#### INPUT DATA
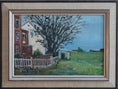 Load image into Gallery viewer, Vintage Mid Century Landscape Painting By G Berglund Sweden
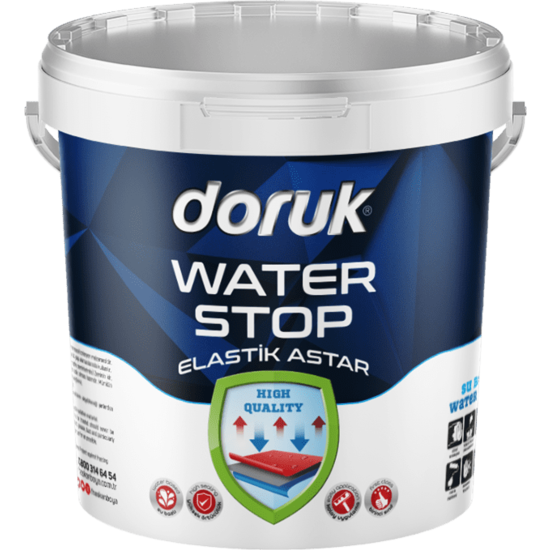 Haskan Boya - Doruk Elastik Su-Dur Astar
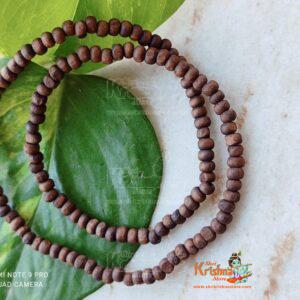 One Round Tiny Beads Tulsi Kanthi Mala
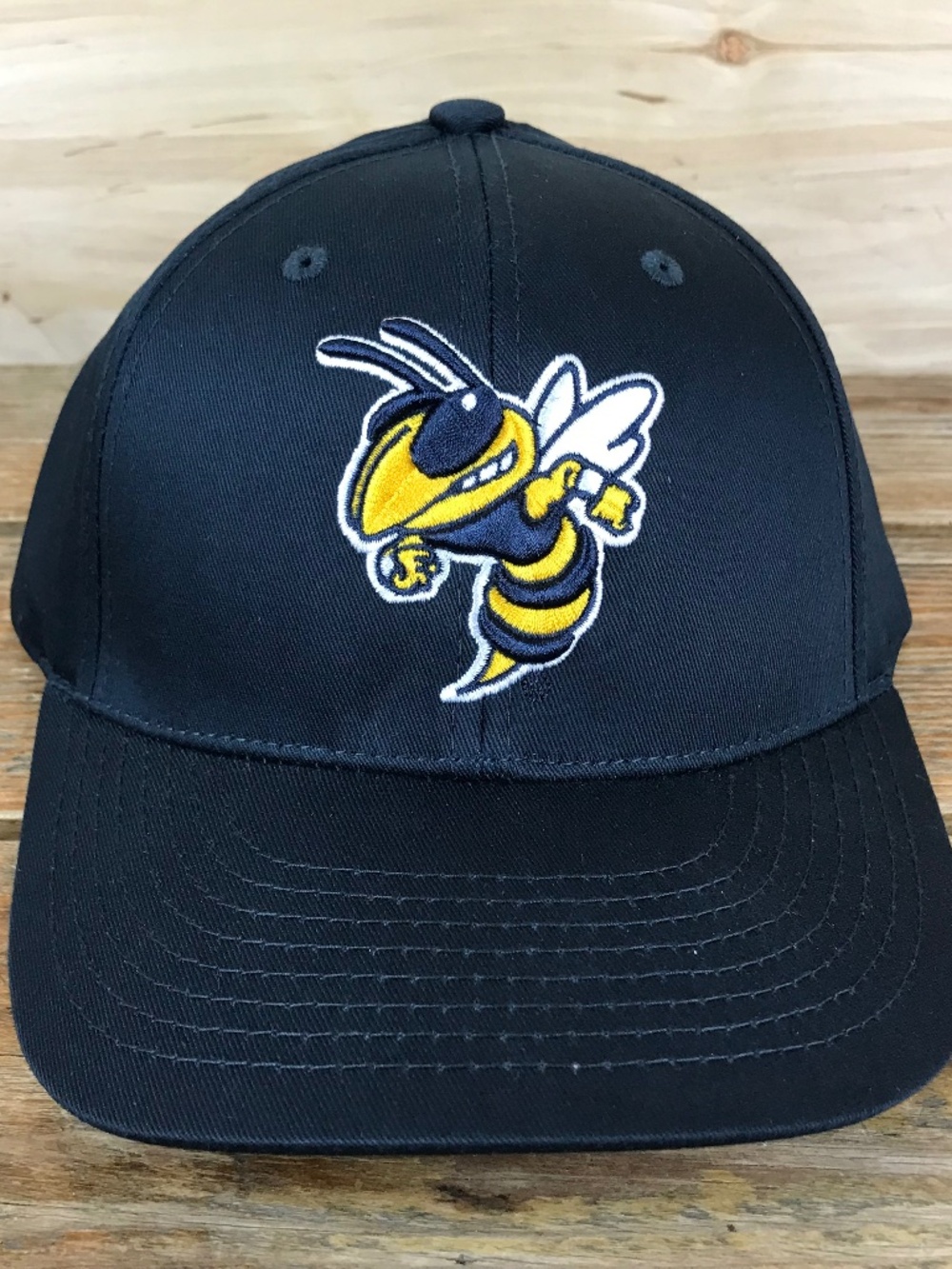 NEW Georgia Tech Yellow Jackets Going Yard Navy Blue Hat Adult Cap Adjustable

* * *

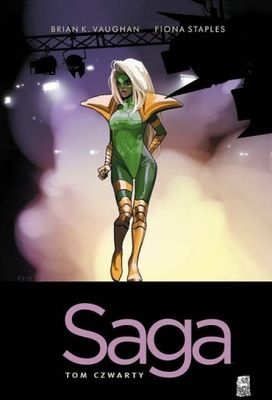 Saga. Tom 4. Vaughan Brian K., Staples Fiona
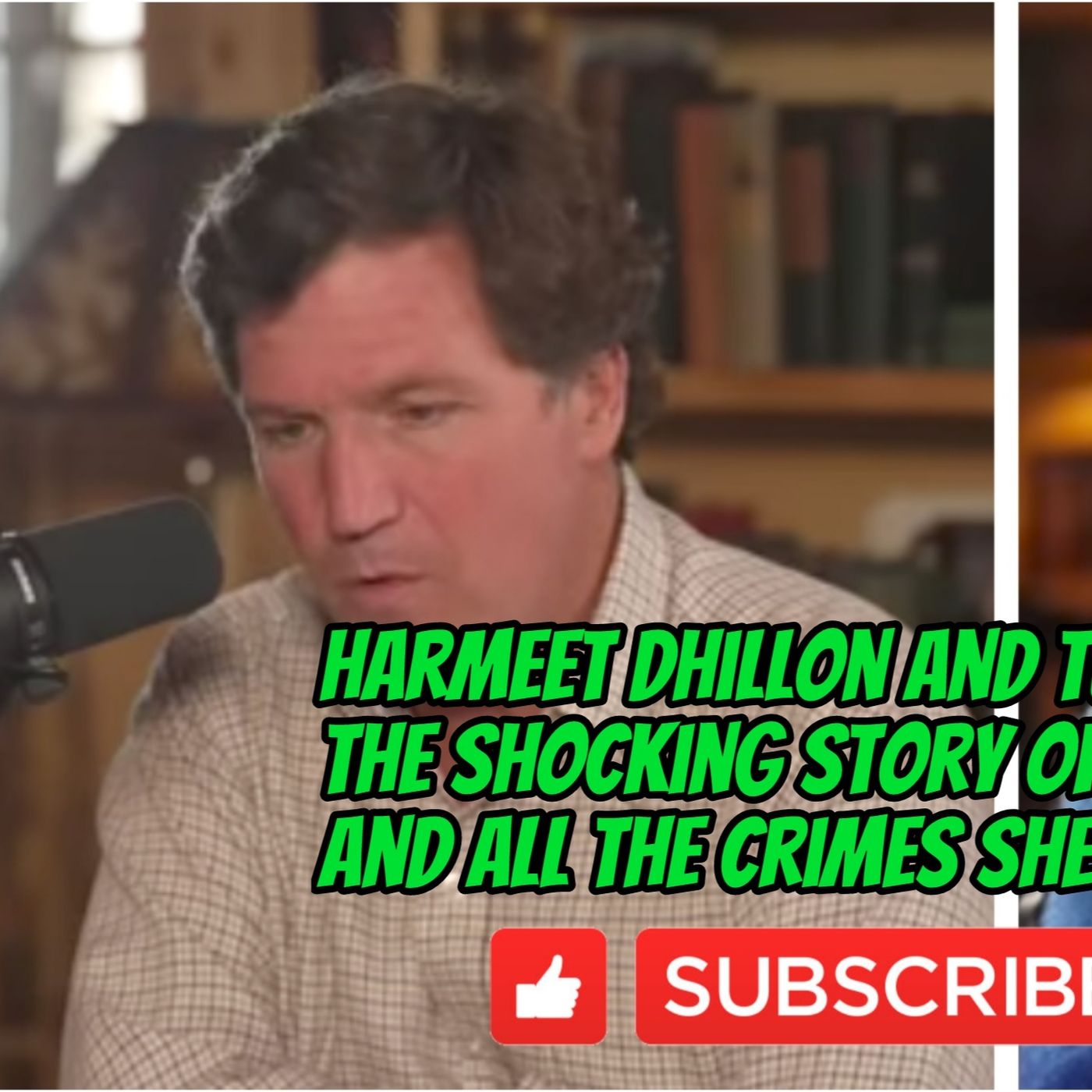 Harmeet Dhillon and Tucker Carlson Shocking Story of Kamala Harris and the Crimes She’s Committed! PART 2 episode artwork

#### WHAT THE EXERCISE ASKS
Reproduce the lines above beginning at the line that contains "Load image into" and ending at the line that contains "NEW Georgia Tech". No pictures.

#### SOLUTION TO THIS EXERCISE
 Load image into Gallery viewer, Vintage Mid Century Landscape Painting By G Berglund Sweden
 Haskan Boya - Doruk Elastik Su-Dur Astar
 One Round Tiny Beads Tulsi Kanthi Mala
 NEW Georgia Tech Yellow Jackets Going Yard Navy Blue Hat Adult Cap Adjustable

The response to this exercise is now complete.